With the line containing "this 1270×952 image." as the first and the final line of the entries as the last, repeat exactly the lines in that span, including both.

Given data |
+++++
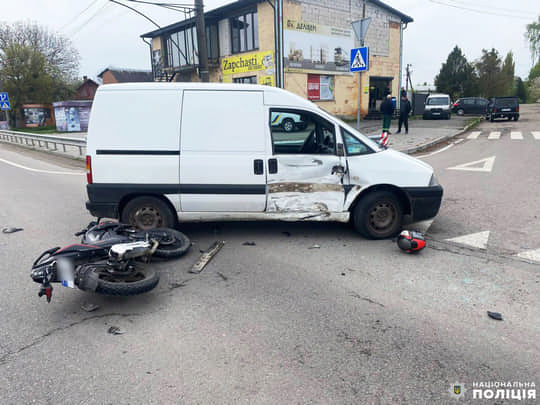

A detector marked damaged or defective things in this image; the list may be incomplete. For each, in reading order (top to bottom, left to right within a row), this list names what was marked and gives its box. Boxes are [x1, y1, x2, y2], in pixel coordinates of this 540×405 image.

cracked road [0, 109, 536, 400]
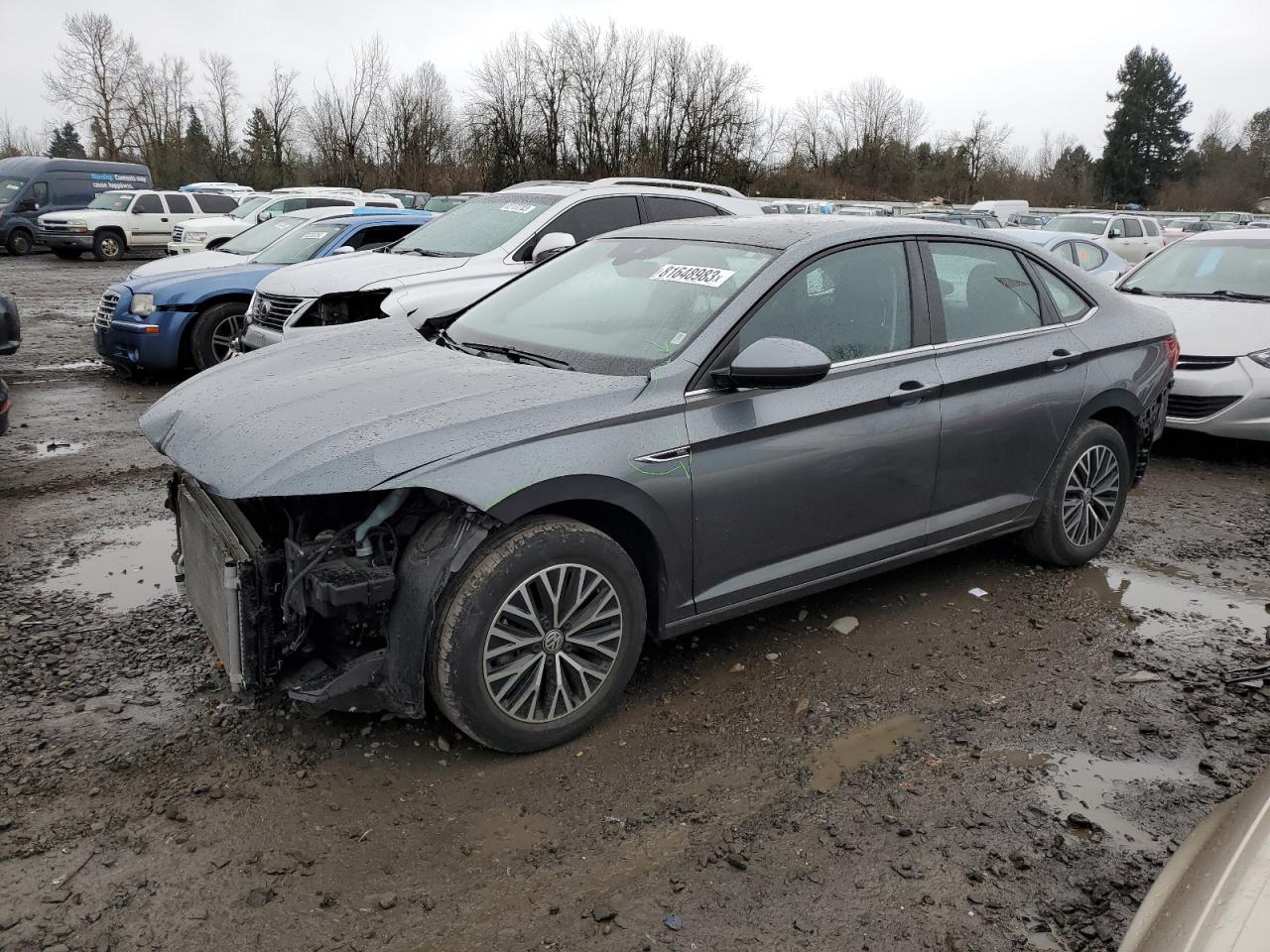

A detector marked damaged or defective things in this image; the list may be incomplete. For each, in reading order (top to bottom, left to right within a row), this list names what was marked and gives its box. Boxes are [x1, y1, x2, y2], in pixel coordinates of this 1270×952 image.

broken headlight area [294, 293, 388, 329]
broken headlight area [169, 477, 464, 715]
damaged front end [173, 474, 495, 710]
+++++
Final answer |
A detector marked damaged or defective things in this image; the list may be incomplete. For each, in reading order (top to bottom, left to right within a row), this list names what was marked and gives its box. Boxes are [x1, y1, x2, y2], in pixel coordinates of this 1270×952 image.

broken headlight area [294, 293, 388, 329]
broken headlight area [169, 477, 464, 715]
damaged front end [173, 474, 495, 710]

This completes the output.